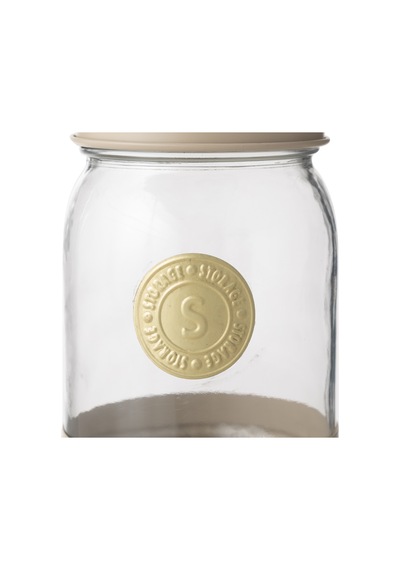 Mudo Home Vetra Galvanız Dekorlu Kavanoz 1,5lt Bej
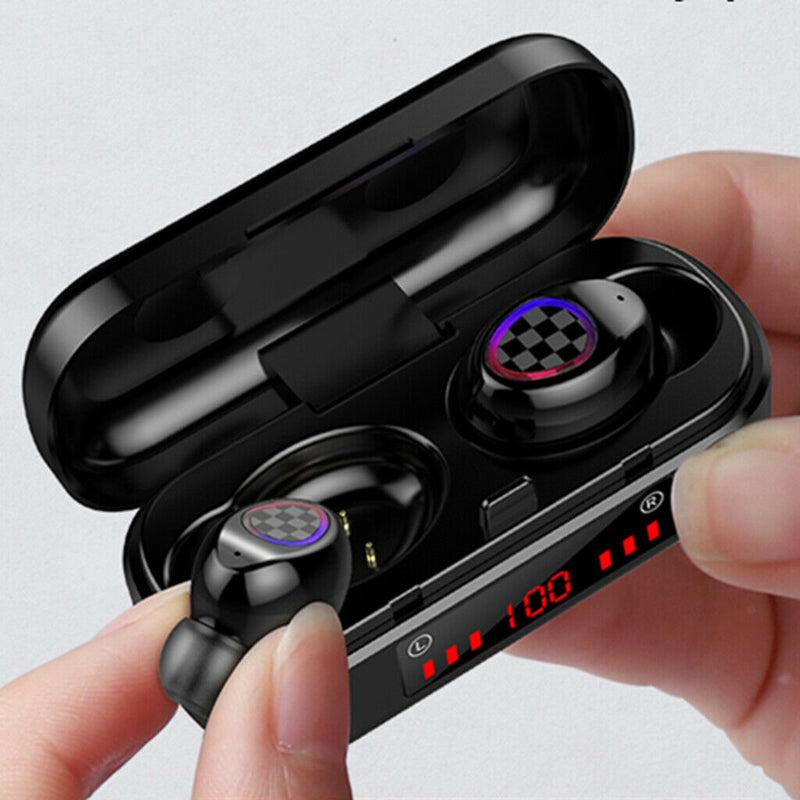 Bass Stereo Wireless Headphones Earbuds Bluetooth 5.0 &Charging Case for Running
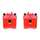 Red Powdercoated Caliper; Pair
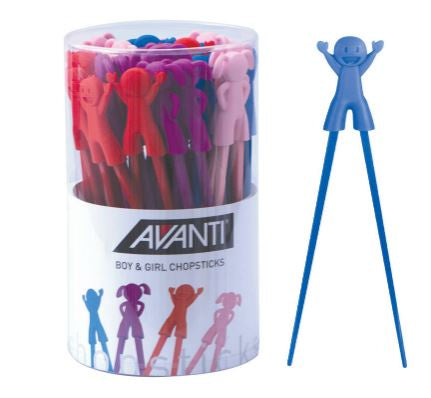 Avanti Boy & Girl Chopsticks for Beginners Assorted
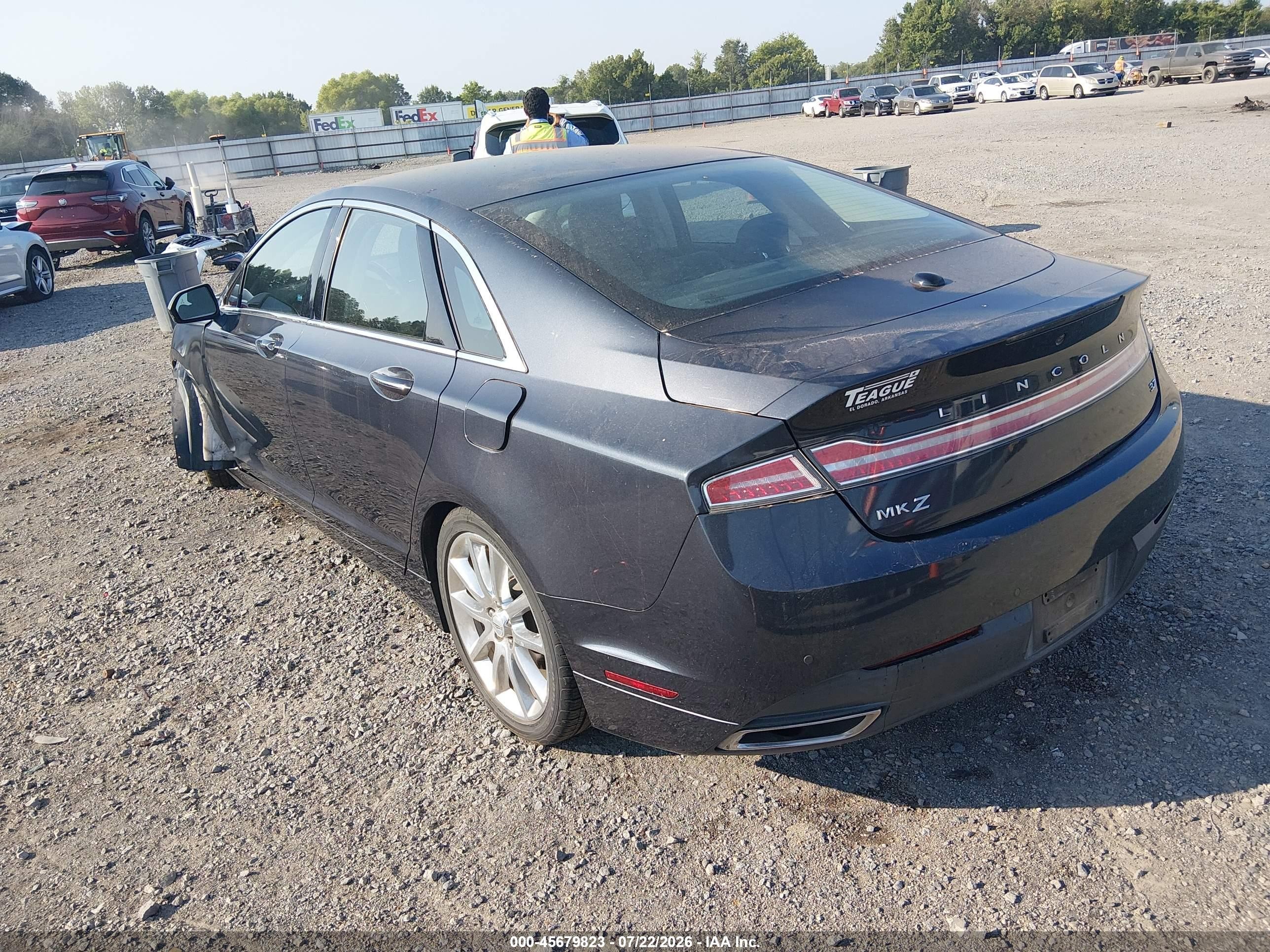 2014 Lincoln Mkz   Gray vin: 3LN6L2GK2ER819471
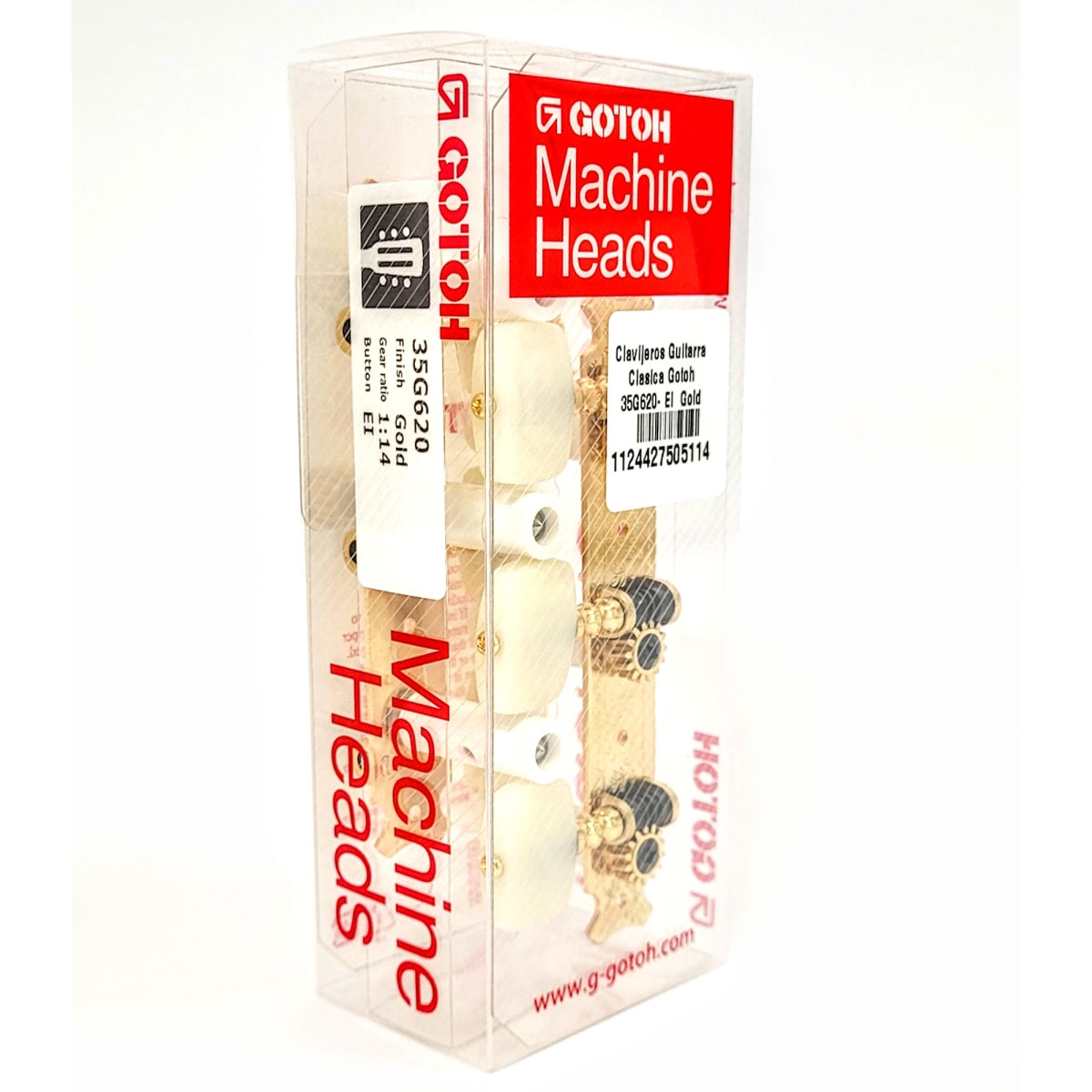 Clavijero Guitarra Clásica Gotoh 3L+3R Gold 35G620-EI6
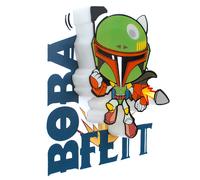 Lampara led 3d pared boba fett star wars disney mini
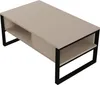 Table basse 'Laukaa' rectangulaire piètement métal 100 x 60 Voir les images du produit 4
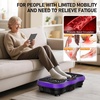 Vibration Plate Exercise Machine for Full Body Lymphatic Drainage(Purple)
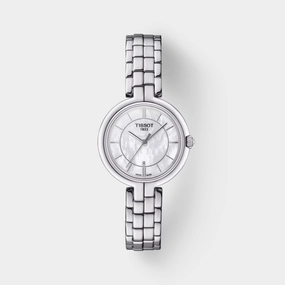 Flamingo Women Quartz Mother Of Pearl Dial Analog Stainless Steel Watch T0942101111100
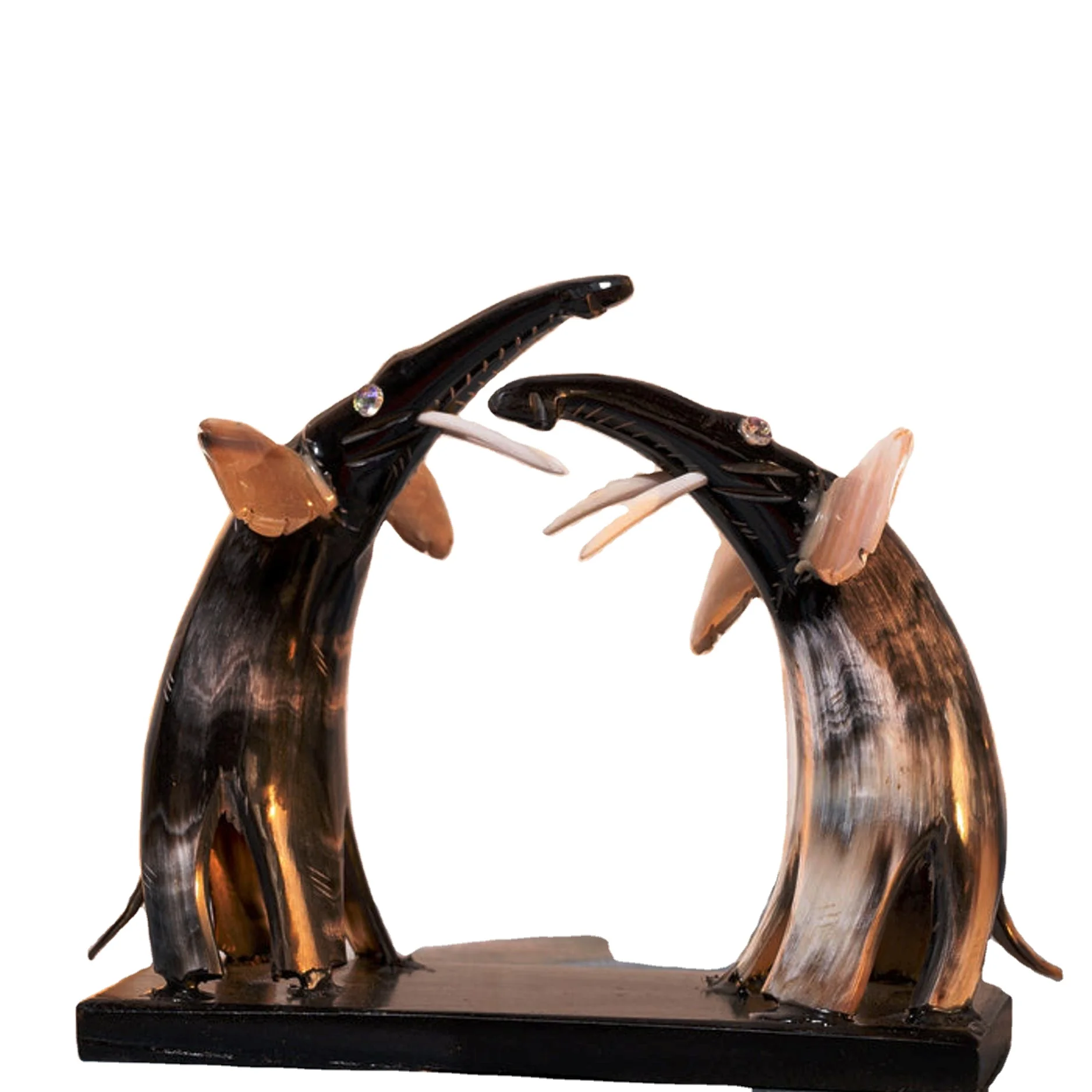 Buffalo Horn Crafts Unique Elegance Buy Now 4 Hand Carved Horns Home Wall Made in India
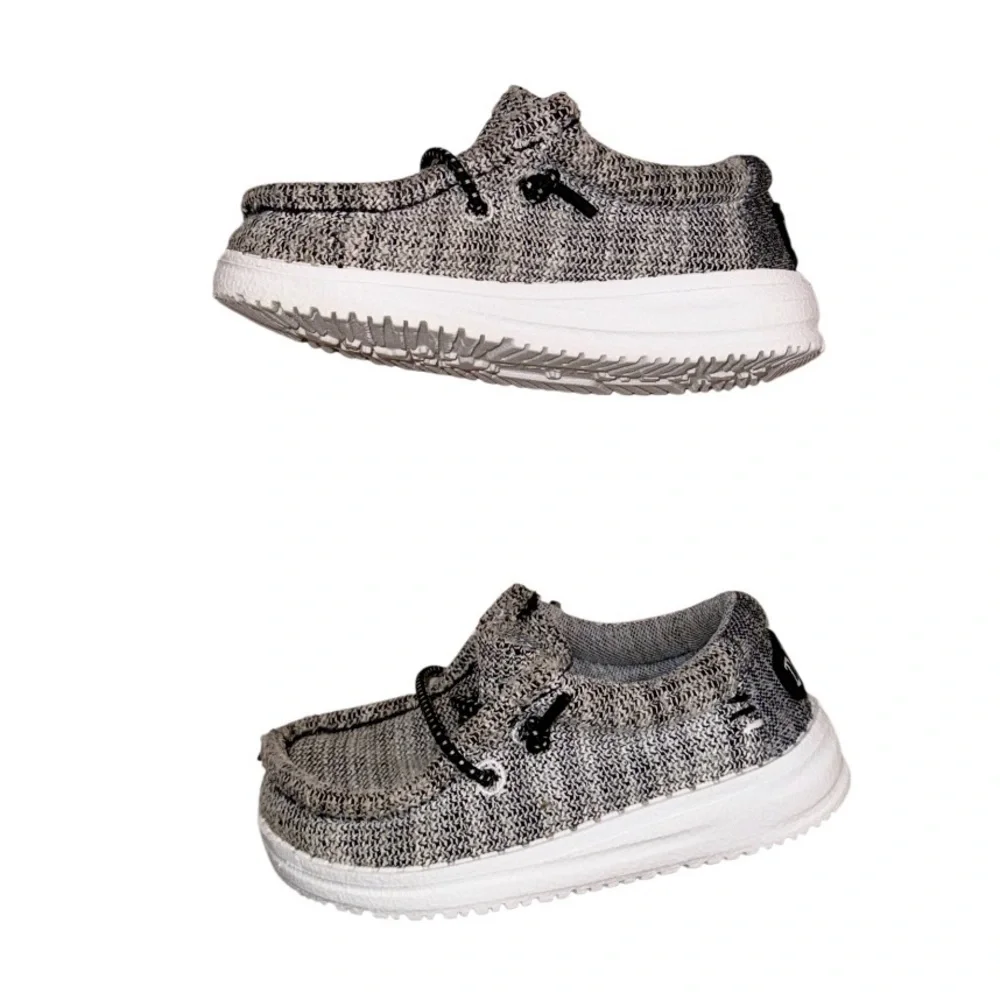 HUDE DUDE Wally Toddler canvas slip on shoes youth size 6 unisex girls boys 6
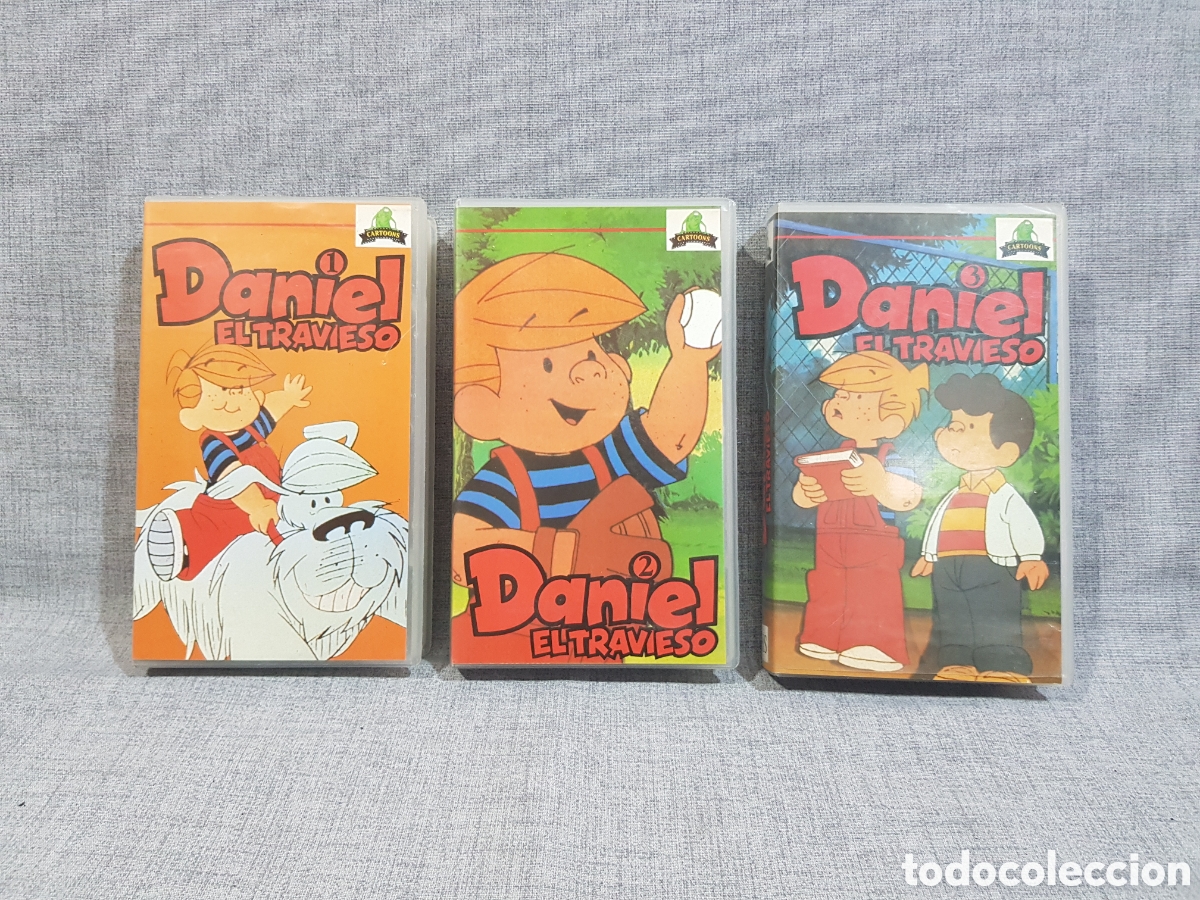 Series de TV: VHS DANIEL EL TRAVIESO 1 - 2 - 3 GONARSA - Foto 1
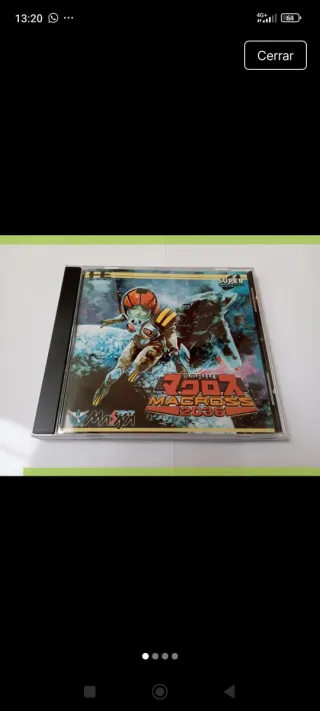 Macross 2036 PC Engine CD Multiregión Reproducción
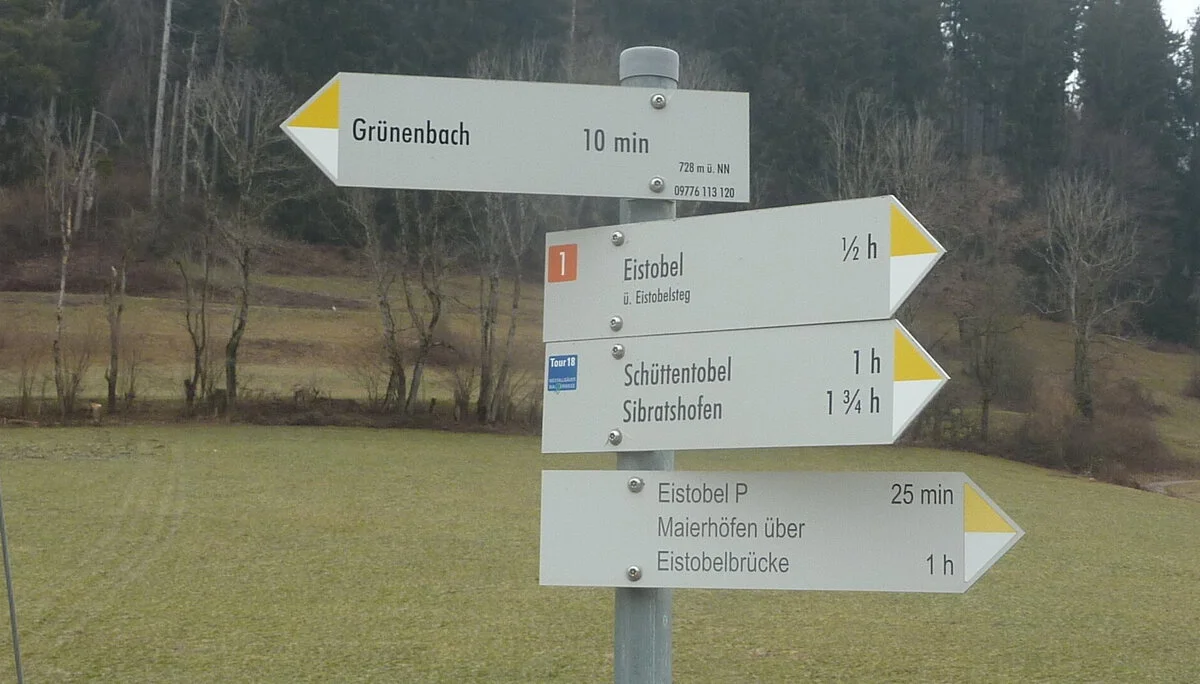 DAV-Senioren unterwegs im Eistobel | © Max Bischofberger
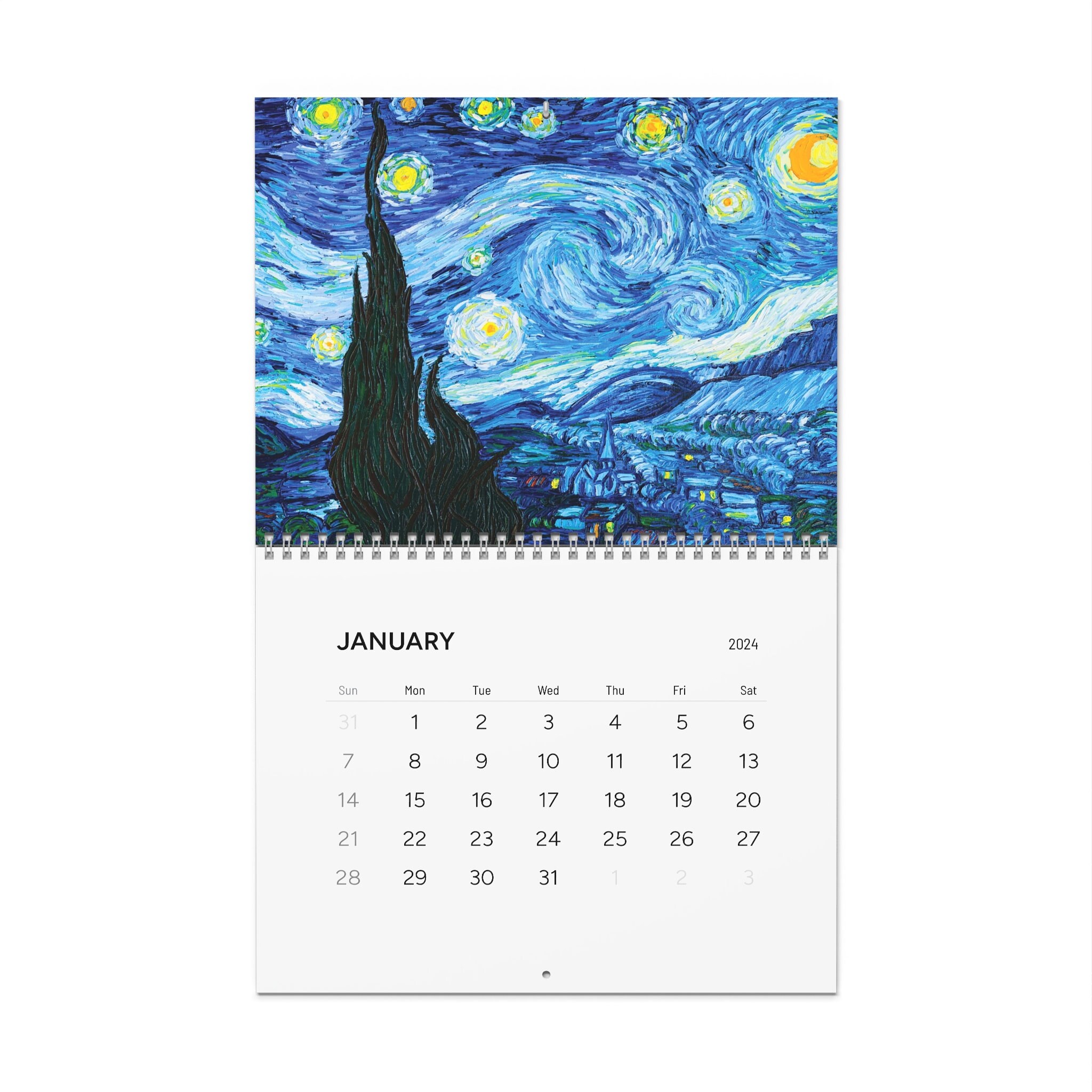 Vincent Van Gogh Wall Calendar 2024, Monthly 2024 Calendar, Wall Decor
------------------------------------------------------------------------
▶ [Work task]: Starting at the first line of the records above, set down each line exactly through the one that holds "Buffalo Horn Crafts". Omit pictures.

▶ [Result of the task]:
 Mudo Home Vetra Galvanız Dekorlu Kavanoz 1,5lt Bej
 Bass Stereo Wireless Headphones Earbuds Bluetooth 5.0 &Charging Case for Running
 Red Powdercoated Caliper; Pair
 Avanti Boy & Girl Chopsticks for Beginners Assorted
 2014 Lincoln Mkz   Gray vin: 3LN6L2GK2ER819471
 Clavijero Guitarra Clásica Gotoh 3L+3R Gold 35G620-EI6
 Lampara led 3d pared boba fett star wars disney mini
 Table basse 'Laukaa' rectangulaire piètement métal 100 x 60 Voir les images du produit 4
 Vibration Plate Exercise Machine for Full Body Lymphatic Drainage(Purple)
 Flamingo Women Quartz Mother Of Pearl Dial Analog Stainless Steel Watch T0942101111100
 Buffalo Horn Crafts Unique Elegance Buy Now 4 Hand Carved Horns Home Wall Made in India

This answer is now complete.